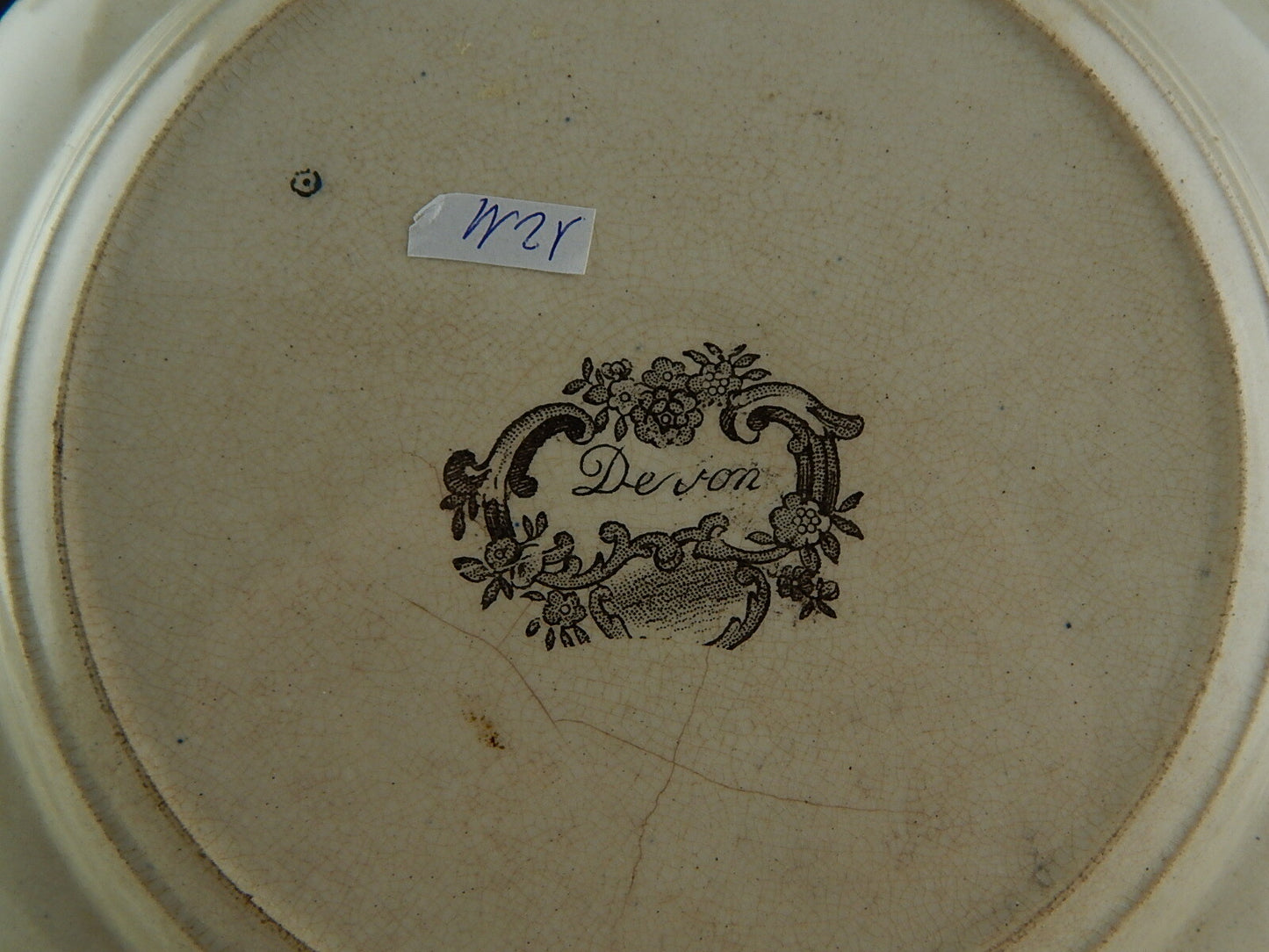 ANTICO PIATTO CERAMICA POTTERY INGLESE MINTON 1850 DECORO DEVON PATTERN MUSEALE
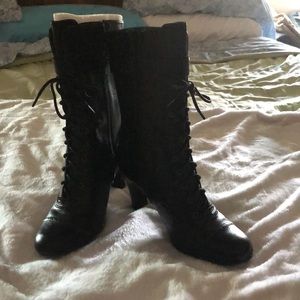 Aerosoles Tied Up black heeled boot.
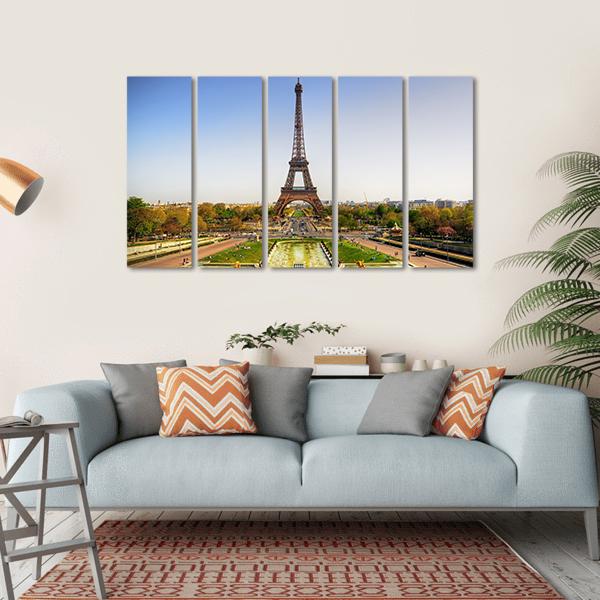 Eiffel Tower Paris Canvas Wall Art-5 Horizontal-Gallery Wrap-22" x 12"-Tiaracle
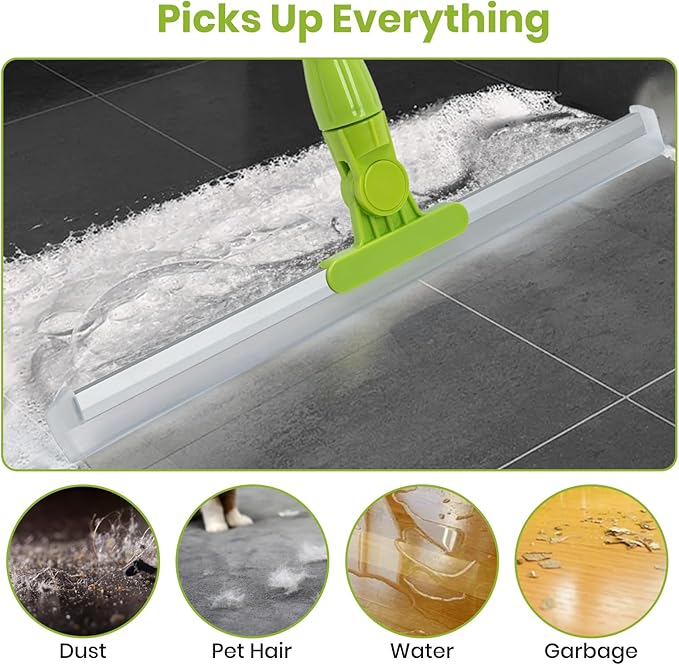 MAVRIZ Floor Squeegee Broom with 59" Long Handle, Shower Squeegee for Floor Cleaning, Silicone Broom with 180° Rotating Head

▬▬▬▬▬▬▬▬▬▬

→ Exercise brief
Any picture in the material is to be left out, and everything else is to be retyped as is.

→ Reply
 ANTICO PIATTO CERAMICA POTTERY INGLESE MINTON 1850 DECORO DEVON PATTERN MUSEALE
 Aerosoles Tied Up black heeled boot.
 Eiffel Tower Paris Canvas Wall Art-5 Horizontal-Gallery Wrap-22" x 12"-Tiaracle
 MAVRIZ Floor Squeegee Broom with 59" Long Handle, Shower Squeegee for Floor Cleaning, Silicone Broom with 180° Rotating Head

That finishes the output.